- **TASK GOAL**:
Search the data for the string "online" and copy each line in which it appears.

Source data
——

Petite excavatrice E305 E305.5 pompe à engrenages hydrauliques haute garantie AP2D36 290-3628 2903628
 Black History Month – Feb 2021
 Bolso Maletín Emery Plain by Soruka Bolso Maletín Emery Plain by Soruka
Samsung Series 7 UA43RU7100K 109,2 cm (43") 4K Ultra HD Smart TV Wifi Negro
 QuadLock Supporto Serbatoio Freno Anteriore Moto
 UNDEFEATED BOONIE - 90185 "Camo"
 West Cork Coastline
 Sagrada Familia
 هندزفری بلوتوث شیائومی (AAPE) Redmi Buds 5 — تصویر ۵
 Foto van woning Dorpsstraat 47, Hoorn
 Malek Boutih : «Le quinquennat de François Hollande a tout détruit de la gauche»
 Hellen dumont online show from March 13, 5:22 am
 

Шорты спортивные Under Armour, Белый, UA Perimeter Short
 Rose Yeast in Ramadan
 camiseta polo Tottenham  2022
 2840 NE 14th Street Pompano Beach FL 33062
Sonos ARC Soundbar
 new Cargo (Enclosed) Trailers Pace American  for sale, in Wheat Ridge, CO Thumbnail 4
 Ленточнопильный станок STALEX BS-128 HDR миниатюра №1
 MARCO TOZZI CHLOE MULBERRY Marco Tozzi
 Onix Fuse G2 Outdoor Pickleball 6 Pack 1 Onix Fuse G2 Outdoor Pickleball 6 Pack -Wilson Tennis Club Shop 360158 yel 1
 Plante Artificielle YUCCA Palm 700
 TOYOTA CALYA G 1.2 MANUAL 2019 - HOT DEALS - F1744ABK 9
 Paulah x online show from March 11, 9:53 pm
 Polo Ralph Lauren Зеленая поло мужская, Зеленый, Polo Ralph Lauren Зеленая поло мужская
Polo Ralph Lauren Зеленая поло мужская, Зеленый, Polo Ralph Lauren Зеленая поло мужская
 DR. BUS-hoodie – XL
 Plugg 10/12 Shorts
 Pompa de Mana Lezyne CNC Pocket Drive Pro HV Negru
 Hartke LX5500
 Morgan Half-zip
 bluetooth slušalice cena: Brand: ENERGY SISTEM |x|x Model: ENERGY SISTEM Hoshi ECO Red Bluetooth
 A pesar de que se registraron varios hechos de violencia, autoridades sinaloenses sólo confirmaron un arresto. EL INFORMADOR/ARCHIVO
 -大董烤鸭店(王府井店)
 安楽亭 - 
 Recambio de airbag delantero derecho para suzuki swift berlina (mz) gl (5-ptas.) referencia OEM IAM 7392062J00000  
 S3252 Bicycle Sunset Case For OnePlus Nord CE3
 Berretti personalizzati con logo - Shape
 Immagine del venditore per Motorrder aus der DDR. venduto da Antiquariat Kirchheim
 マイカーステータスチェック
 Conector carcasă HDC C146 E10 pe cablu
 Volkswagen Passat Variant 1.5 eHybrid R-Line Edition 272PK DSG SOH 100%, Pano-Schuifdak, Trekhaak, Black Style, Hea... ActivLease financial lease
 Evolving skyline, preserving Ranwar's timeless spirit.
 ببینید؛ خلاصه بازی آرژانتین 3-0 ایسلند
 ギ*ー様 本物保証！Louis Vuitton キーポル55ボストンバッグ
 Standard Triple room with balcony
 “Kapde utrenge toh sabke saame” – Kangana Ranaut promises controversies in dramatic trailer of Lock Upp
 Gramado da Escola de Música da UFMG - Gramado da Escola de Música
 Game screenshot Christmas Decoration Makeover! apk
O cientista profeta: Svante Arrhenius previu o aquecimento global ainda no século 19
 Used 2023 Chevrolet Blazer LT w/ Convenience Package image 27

——

- **SOLUTION TO THIS EXERCISE**:
 Hellen dumont online show from March 13, 5:22 am
 Paulah x online show from March 11, 9:53 pm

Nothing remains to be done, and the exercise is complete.